L’affaire n’aurait certainement pas pris de telles proportions sans la personnalité et l’aura de Makhloufi. À 28 ans, ce natif de Souk Ahras, près de la frontière tunisienne, est un héros national. De retour au bercail en août 2012 après avoir été sacré champion olympique à Londres, il avait arpenté triomphalement les artères d’Alger au milieu d’une foule en délire. Rares sont ses compatriotes qui peuvent se targuer d’un accueil aussi chaleureux.

« Les Algériens l’aiment parce que Taoufik est un authentique fils du peuple, avance une de ses connaissances. Sa success-story, il l’a construite tout seul à la force de ses jarrets. On l’aime encore plus quand il dénonce la bureaucratie et la corruption, les deux plaies de ce pays. »

L’intéressé souscrirait certainement à cette description. « Je suis parti de zéro, raconte un jour Taoufik. Enfant, je voulais être quelqu’un, un champion. Je voulais régler les problèmes de la famille. Les chaussures coûtaient la moitié du salaire du paternel. »

Père gendarme, mère au foyer, une fratrie composée de deux garçons et cinq filles, Makhloufi est d’extraction modeste. Adolescent, il manifeste plus d’intérêt pour les pistes poussiéreuses que pour les bancs du collège. La course n’étant pas une garantie pour l’avenir, ses parents insistent pour qu’il obtienne son baccalauréat avant d’envisager une quelconque carrière sportive. Las. Il échoue une première fois, mais, tenace et persévérant, Taoufik décroche le sésame un an plus tard, tout en réalisant de prometteuses performances.
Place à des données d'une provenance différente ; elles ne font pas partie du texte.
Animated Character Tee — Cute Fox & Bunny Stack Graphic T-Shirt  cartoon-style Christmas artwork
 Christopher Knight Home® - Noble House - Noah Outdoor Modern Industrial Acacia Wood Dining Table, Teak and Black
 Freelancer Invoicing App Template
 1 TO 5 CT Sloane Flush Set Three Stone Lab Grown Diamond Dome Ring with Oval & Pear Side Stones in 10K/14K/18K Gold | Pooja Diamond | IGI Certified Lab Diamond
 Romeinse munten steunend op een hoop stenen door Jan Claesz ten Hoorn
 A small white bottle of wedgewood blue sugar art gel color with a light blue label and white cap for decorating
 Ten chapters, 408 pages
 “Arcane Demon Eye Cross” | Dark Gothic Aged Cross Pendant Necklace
Avant de faire deux tours de piste, il faut souffrir, travailler, perdre conscience, vomir et vivre loin de sa famille

Déjà sacré champion d’Algérie, il entre dans la cour des grands aux Jeux africains 2011, au Mozambique. Sur place, il coiffe au poteau les coureurs kényans, réputés les meilleurs du monde dans cette spécialité. « Ce jour-là, j’ai su que j’allais décrocher le titre olympique à Londres, confie Makhloufi. Dans ma tête, je ne pouvais pas le rater. » Sa réussite ne surprend guère son ancien entraîneur, Ali Redjimi, qui se souvient d’un garçon « sérieux, éduqué, peu bavard » et doté d’un mental de gagneur. Pourtant, Londres aurait pu tourner au cauchemar.

Inscrit contre son gré à la qualification pour le 800 m, Makhloufi s’y est plié en traînant quelque peu les semelles. Mécontent, le juge arbitre décide de l’exclure des Jeux pour « mauvaise foi » et « manque de combativité ».

Le coureur argue de sa bonne foi et présente un certificat médical signé par deux médecins britanniques. La suite appartient à l’Histoire. Dans la soirée du mardi 7 août 2012, Taoufik décroche la médaille d’or et fait retentir Qasaman, l’hymne algérien, devant des centaines de millions de téléspectateurs. Il entre dans la légende comme dans le cœur de ses compatriotes. « Avant de faire deux tours de piste, il faut souffrir, travailler, perdre conscience, vomir et vivre loin de sa famille », rappelle-t‑il. C’est pour tout cela et pour ses médailles olympiques que les Algériens l’applaudissent quand il crie au scandale.